That's the user-facing loop. Before we dig into the agents themselves, it's worth zooming out to see how the pieces underneath fit together, because the architecture is doing a lot of the heavy lifting.
The architecture, piece by piece
Before we look at the agents individually, it helps to zoom out and see the whole system on one page. Here's what the pipeline actually looks like:
Incoming event
│
▼
┌─────────────────┐
│ Identity Agent │ Works out who the event belongs to
└────────┬────────┘
│
▼
Is this a new customer?
│
┌────┴────┐
│ Yes │ No
▼ ▼
┌──────────┐ ┌───────────────┐ ┌────────────────┐
│Onboarding│ │ Health Agent │──▶│ Strategy Agent │
│ Agent │ └───────────────┘ └────────────────┘
└──────────┘
A new customer gets routed to Onboarding.

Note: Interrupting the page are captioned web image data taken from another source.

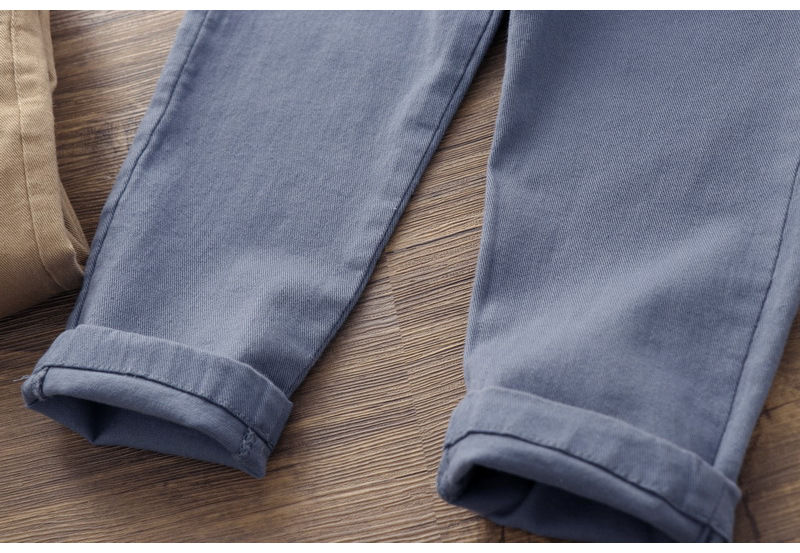 الصورة المصغرة: Boys' Summer New Cartoon Embroidered Jeans Versatile Small Legged Haren Pants Ca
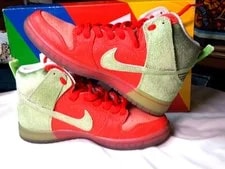 Nike SB Dunk High Pro QS "Strawberry Cough" Sz 5.5M/7W OG Box & 3 Sets of Laces 2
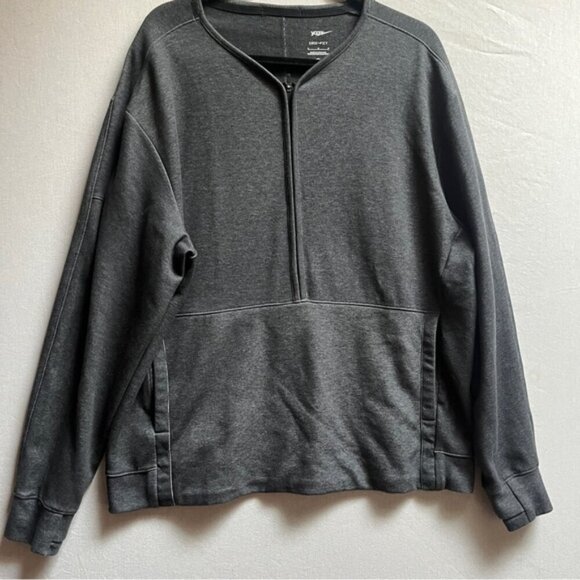Nike Yoga Dri-FIT 1/2-Zip Training Crew Sweatshirt Sz L - Picture 2 of 12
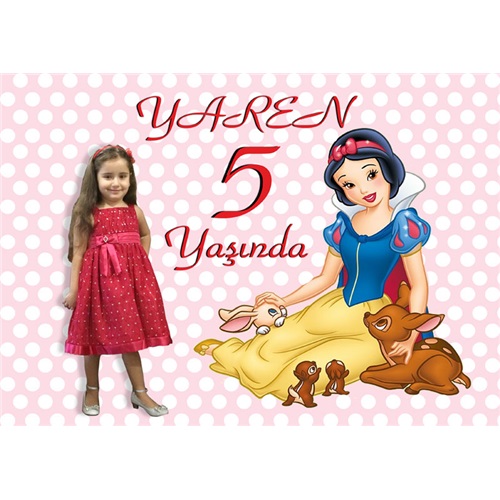 Pamuk Prenses Temalı Kişiye Özel Afiş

An existing customer goes through Health, then Strategy. Every agent receives everything the previous agents produced, so by the end you have one combined payload covering identity, health, and the recommended next action.
Now the systems that make that happen.
The three main systems
There are three moving parts: Conductor, Agentspan, and the agents themselves. Each does a distinct job, and they work independently of each other, which is the point.
Conductor is the coordinator
This is essentially the project manager for the whole system. It owns the workflow definition: what runs, in what order, and what happens at each fork in the road. When you click run in the UI, the Express backend tells Orkes (the hosted version of Conductor) to start a new execution of the customer_360_refresh workflow.
From that point, Conductor is in charge. It queues up the first task, waits for a worker to pick it up, receives the result, and decides what comes next. It handles retries if something fails, tracks state across every step, and enforces the routing logic.
For example, it uses a branching step to send new customers down the onboarding path and existing customers down the health and strategy path. Conductor doesn't know or care what the agents are doing inside each task. It just moves data through the pipeline.
Agentspan is where the agents actually run
It runs as a local server on port 6767 and is what executes the AI model calls. Each agent is registered there with its model, its tools, its instructions, and its safety checks.
When a worker needs to run the health agent, it calls Agentspan with the input. Agentspan handles the back and forth with the model, including tool calls, retries when a safety check fails, and making sure the output matches the expected format.
If Conductor is the nervous system connecting everything, Agentspan is the brain doing the actual thinking.
The workers are the bridge between the two
They're Python processes that keep asking Conductor, "do you have any tasks for me?" When Conductor hands one off, the worker unpacks the input, calls the right Agentspan agent, and posts the result back to Conductor.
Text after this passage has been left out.